Author(s): You L, Sheng ZY, Chen JY, Pan L, Chen L

Affiliation(s): Department of Osteoporosis, Shanghai First People's Hospital, Shanghai Jiaotong University, 100 Haining Road, Shanghai 200080, China. youlisky2002@126.com

Publication date & source: 2011, J Int Med Res., 39(1):302-10.

Publication type: Randomized Controlled Trial; Research Support, Non-U.S. Gov't

The efficacy and safety of early, low frequency antiresorptive drug intervention for osteopaenia on bone mineral density (BMD) and bone turnover in Chinese post-menopausal women at risk of developing osteoporosis were investigated. A total of 180 women aged 40 - 70 years were enrolled and equally randomized to receive either 70 mg alendronate once every 2 weeks plus 0.5 mug alfacalcidol daily (treatment group) or alfacalcidol 0.5 mug daily alone (control group) for 12 months. In the treatment group, lumbar spine and total hip BMD at 12 months had increased significantly from baseline and compared with the control group.

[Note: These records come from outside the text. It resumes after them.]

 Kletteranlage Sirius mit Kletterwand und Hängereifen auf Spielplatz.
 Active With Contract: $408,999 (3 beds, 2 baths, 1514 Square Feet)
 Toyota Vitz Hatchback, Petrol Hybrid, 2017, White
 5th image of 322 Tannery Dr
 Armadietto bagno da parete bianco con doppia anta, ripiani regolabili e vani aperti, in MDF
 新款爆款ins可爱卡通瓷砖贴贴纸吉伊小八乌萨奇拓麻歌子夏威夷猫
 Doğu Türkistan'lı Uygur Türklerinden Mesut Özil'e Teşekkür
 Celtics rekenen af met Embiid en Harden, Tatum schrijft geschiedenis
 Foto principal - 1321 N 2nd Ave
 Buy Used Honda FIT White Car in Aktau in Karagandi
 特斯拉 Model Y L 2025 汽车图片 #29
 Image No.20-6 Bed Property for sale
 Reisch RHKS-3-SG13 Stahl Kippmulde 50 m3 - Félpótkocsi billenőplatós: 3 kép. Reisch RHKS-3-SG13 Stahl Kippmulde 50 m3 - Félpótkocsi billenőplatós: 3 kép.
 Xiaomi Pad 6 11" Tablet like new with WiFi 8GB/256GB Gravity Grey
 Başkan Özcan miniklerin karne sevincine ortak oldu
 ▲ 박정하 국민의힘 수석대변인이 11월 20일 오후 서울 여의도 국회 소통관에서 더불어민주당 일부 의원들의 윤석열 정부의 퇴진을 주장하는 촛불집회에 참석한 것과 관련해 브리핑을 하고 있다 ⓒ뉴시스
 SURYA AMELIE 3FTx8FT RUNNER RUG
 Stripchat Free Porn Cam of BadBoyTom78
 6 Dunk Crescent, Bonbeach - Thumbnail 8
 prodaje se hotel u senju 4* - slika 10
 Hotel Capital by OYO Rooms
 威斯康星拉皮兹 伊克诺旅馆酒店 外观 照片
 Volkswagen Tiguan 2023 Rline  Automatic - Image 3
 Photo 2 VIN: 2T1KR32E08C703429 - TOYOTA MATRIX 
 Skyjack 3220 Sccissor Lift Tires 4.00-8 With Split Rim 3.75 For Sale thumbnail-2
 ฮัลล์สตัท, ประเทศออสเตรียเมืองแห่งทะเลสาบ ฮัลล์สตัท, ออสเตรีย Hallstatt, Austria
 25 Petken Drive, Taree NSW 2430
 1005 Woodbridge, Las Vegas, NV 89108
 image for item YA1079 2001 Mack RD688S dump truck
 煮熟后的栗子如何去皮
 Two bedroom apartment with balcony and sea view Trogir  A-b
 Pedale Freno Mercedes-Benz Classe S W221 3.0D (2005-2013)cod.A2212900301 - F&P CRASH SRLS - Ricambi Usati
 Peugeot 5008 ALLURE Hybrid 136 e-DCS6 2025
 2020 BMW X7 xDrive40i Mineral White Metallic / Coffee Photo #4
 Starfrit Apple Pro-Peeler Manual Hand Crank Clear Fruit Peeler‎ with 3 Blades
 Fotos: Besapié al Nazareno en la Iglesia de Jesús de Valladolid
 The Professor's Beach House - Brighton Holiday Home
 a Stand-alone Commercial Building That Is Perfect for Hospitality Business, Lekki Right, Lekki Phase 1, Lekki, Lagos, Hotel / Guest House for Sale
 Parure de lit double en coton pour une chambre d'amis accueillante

There were also significant reductions in serum levels of the bone turnover biomarkers, bone-specific alkaline phosphatase and C-terminal telopeptide of type I collagen, compared with the control. No serious adverse events were observed in either group and safety profiles were similar. It was concluded that early intervention with 70 mg alendronate once every 2 weeks was safe, well tolerated and more effective than alfacalcidol alone (control) in increasing BMD and reducing bone turnover, and might prevent serious outcomes, such as fragility fractures, reduce rates of adverse effects and improve patient compliance.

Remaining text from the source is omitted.